That version was referred to as Beta 4 although was still so malleable that the EF team even referred to it as an alpha. In fact, the only reason it had the tag “beta 4” was to align with the set of Nuget packages that were being released for ASP.NET 5 as it was developing. An important goal with EF7 was that it needs to work with ASP.NET 5, so the EF team needed to release their stable pre-releases on Nuget.org (e.g. http://www.nuget.org/packages/EntityFramework.Core/) in sync with ASP.NET 5. The nightly builds, which are available on https://www.myget.org/gallery/aspnetvnext are a different story and are pushed frequently by the EF team whenever they are ready to do so.

Since the course was released some technical things have changed and even the release plans have changed. Rather than updating the course each time, potentially introducing more things that will change by RTM, I will wait until EF7 is closer to RTM and use that to create a course about the release.

In the meantime, I think it is important to have some awareness of the current landscape so that combined with watching Looking Ahead to Entity Framework 7, you can plan ahead effectively. My recommendation is to at least peruse this blog post before watching the course and then come back and read it more carefully when it will make more sense.

In this post I will address each of the 6 modules of the beta 4 course and alert you to what has changed and what to expect.

Module 1: Achieving Microsoft’s Goals for EF with EF7

The overarching goals for EF7 have not changed. Microsoft is wholly committed to a completely new code base for EF7 using modern software practices. The New Devices New Data Stores goal is still correct and as you learned (or will learn when you watch the course), the proof of concept work around NoSQL and Redis is still set aside.

While discussing where you can use EF7, I showed a slide that talked about various frameworks.

clip_image001

This shifts a bit since the initial RTM of EF7 will now support UWP (Universal Windows Platform) which targets Windows 10 devices including phones and tablets. Along with this change, the SQLite provider that had been set aside, is now part of the initial RTM. In the course, I explained that the Windows Phone 8 & Windows Store support is also set aside for a later release after the initial RTM. That is still true.
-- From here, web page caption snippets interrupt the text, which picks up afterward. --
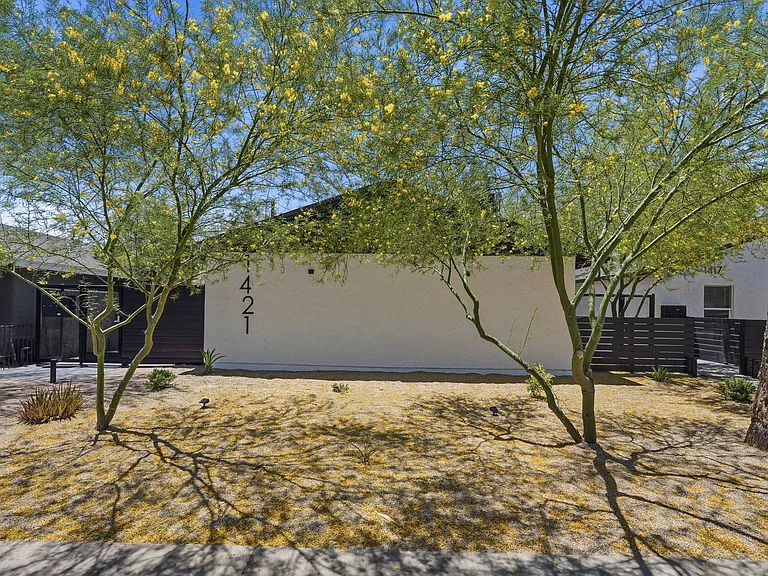 1421 E Roosevelt St #1 — Photo 27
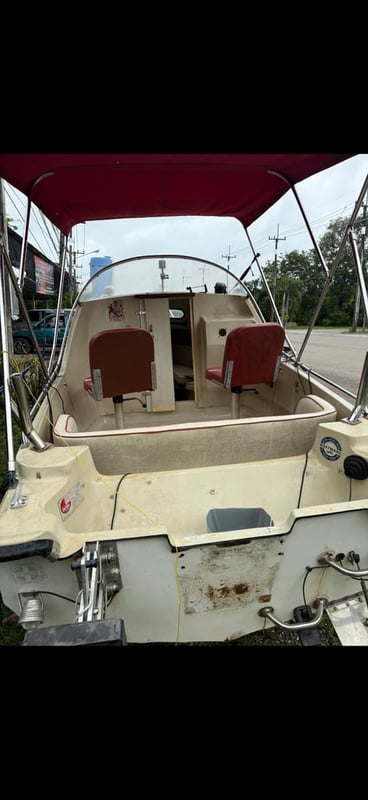 ขายเรือมีเคบิน 15 ฟุตเรือตกปลา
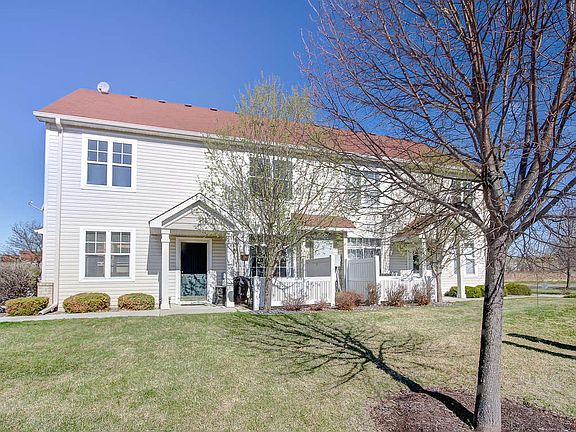 3rd image of 5060 Holly Ln N #104
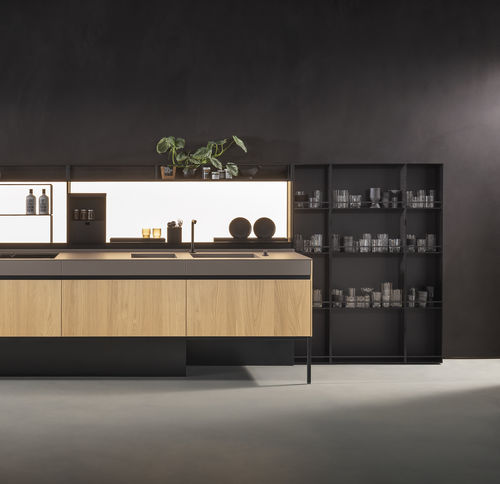 Cuisine contemporaine - SEI - Euromobil spa - en placage de bois / en verre laqué / en aluminium anodisé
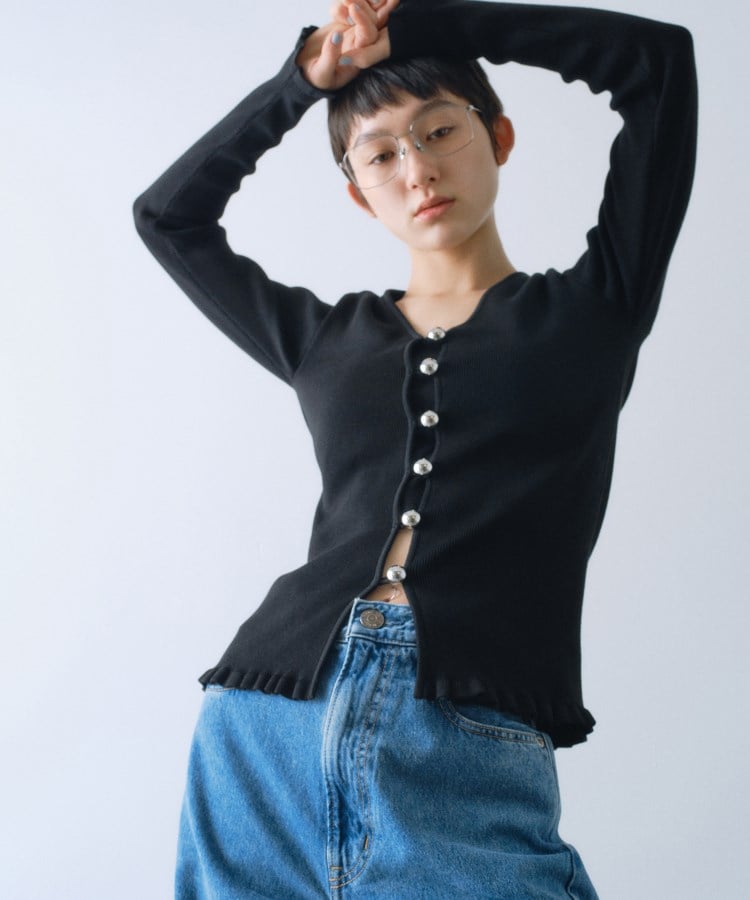 コードエー(CODE A)のmetal buttons knit cardigan ブラック(019)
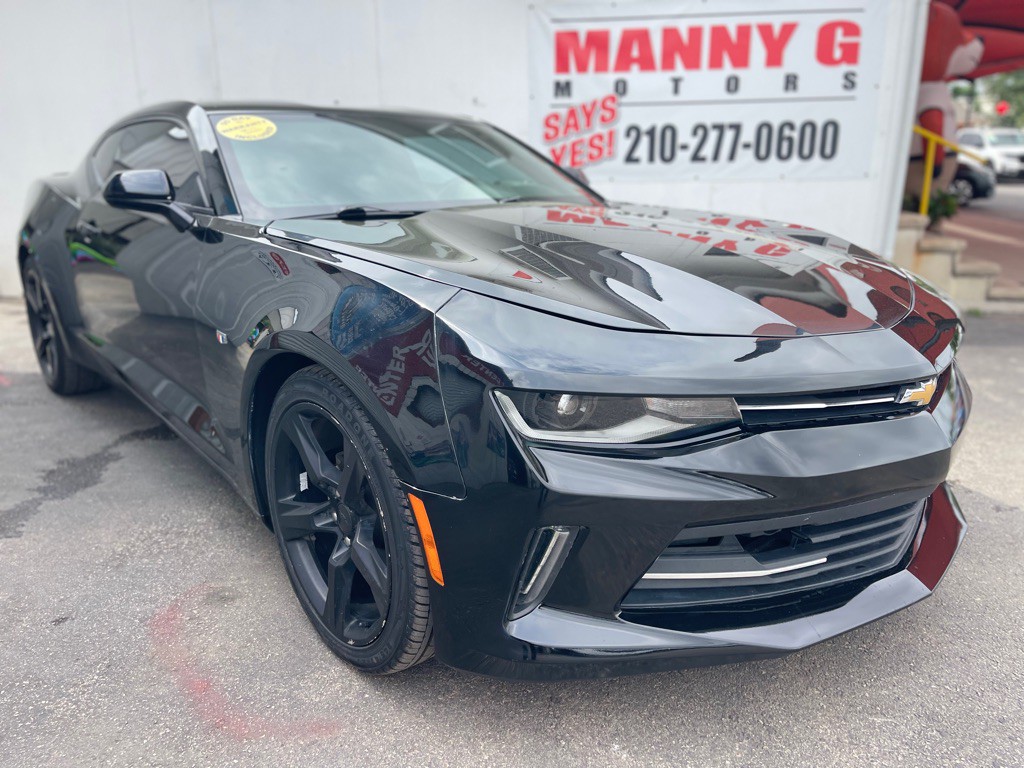 2018 Chevrolet Camaro Image 1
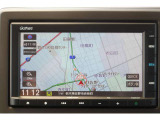 【ナビゲーション】ナビゲーションは、Honda純正『Gathers VXM-215Ci』を装備。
Here is an updated version of that slide I created for a recent conference:

clip_image002

Another change to the first module is related to the timeline. I explained how EF7 was going to focus on being able to release alongside of ASP.NET5 which meant setting aside of of the goals that they wanted to achieve. I also explained that when ASP.NET 5 was released, we would get a release of EF7 that would be still called a pre-release, not an RTM. Here is the slide I used while discussing this timeline.

clip_image003

These plans have changed somewhat. While the initial ASP.NET focused release of EF7 is still going to be a subset of all that the team wants to implement in EF7, it is now going to be a full release, an RTM, not a pre-release. So at the same time ASP.NET 5 is released, EF 7.0.0 will be released.

Here is what has not changed however:

· EF 7.0.0 will still be an “abbreviated” version.
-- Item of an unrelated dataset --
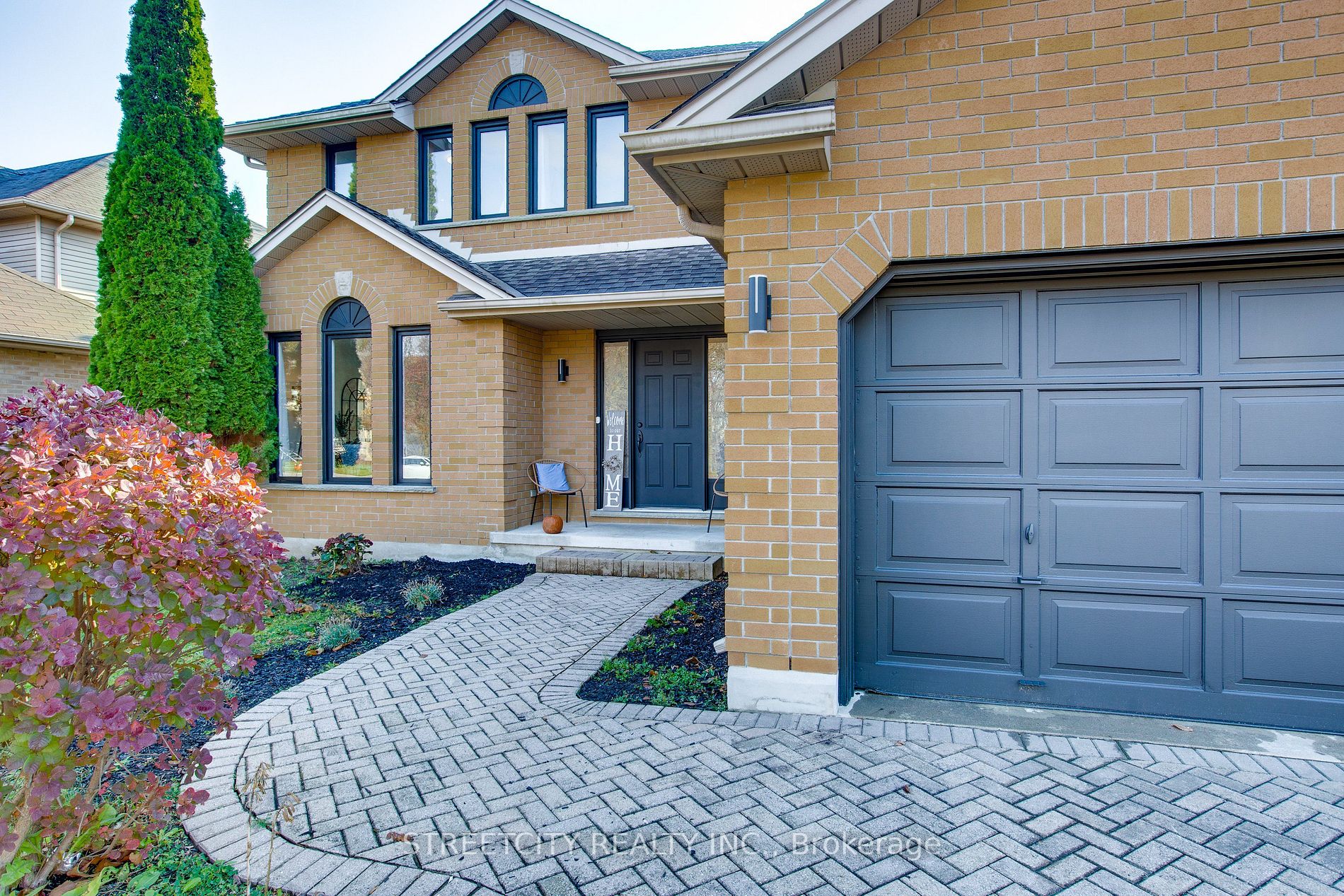433 Ambleside Dr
· The features that the team is focusing on are those which align well with web applications. A good example of this is that they are working on improving the experience with disconnected entities and have set aside some magical relationship features such as explicit and lazy loading.

· EF 7.0.0 will not become the “official” version of Entity Framework.
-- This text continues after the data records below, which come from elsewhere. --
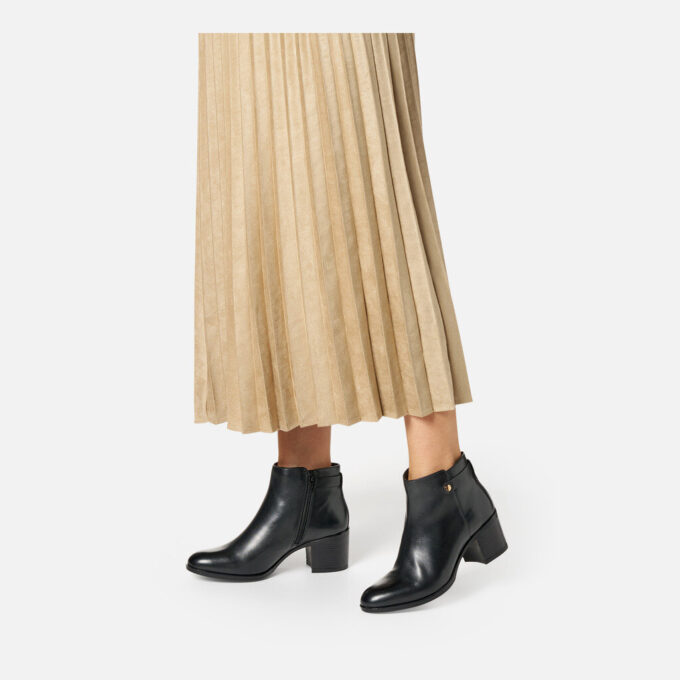 Nowe Asheel Woman Nowe Asheel Woman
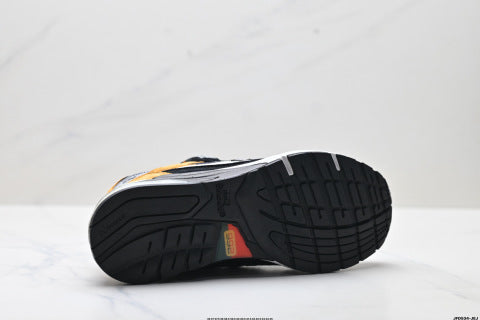 New Balance 992 series sneakers, classic casual, versatile chunky running shoes.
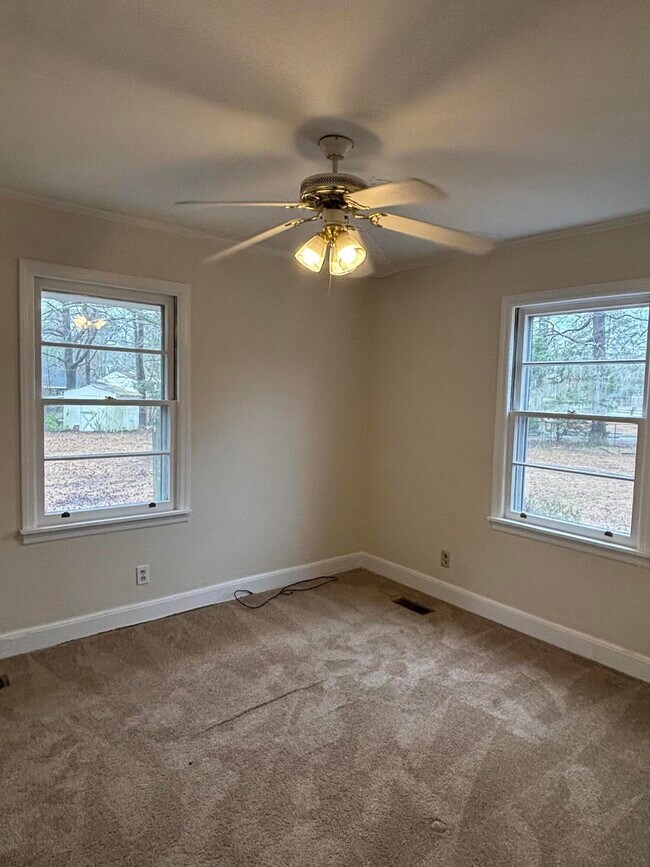 Building Photo - 232 Pinckney St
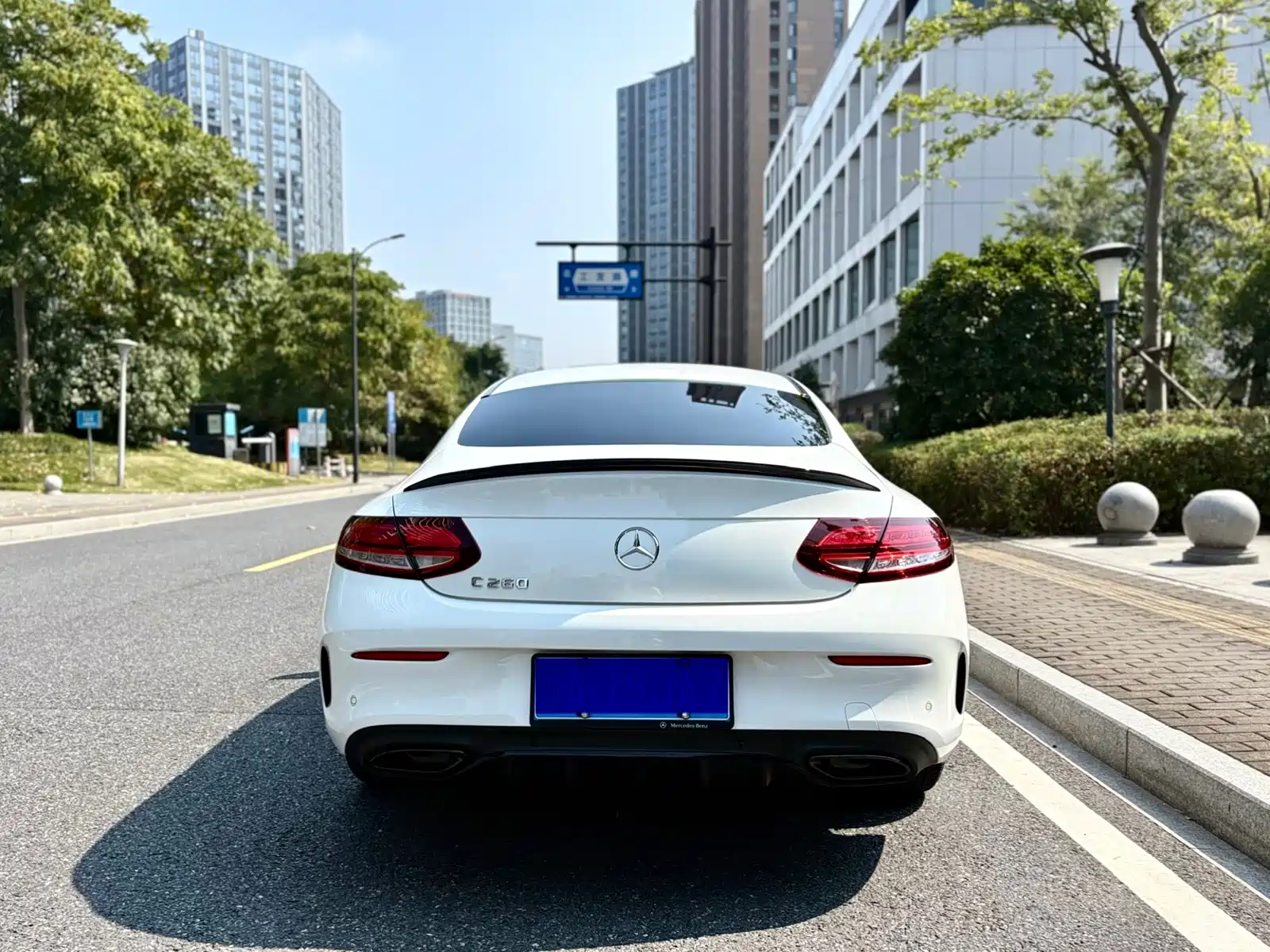 صورة 8 - Mercedes-Benz C-Class (Import)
· EF6 will continue to be the official version.

· EF6 will continue to be what’s delivered when you install entityframework via Nuget.

· Your apps that use EF6 will not automatically update to EF7!

· When installing the packages via Nuget, you will not need to use “-pre” to distinguish between EF6 and EF7.
EF6 will continue to install using install-package entityframework. There is no plain old entityframework package for EF7. You would begin with your desired provider (e.g. entityframework.inmemory) and that will pull in all dependences e.g. entityframework.core and more. Since this is a full RTM for EF7, you will no longer need to use the –pre.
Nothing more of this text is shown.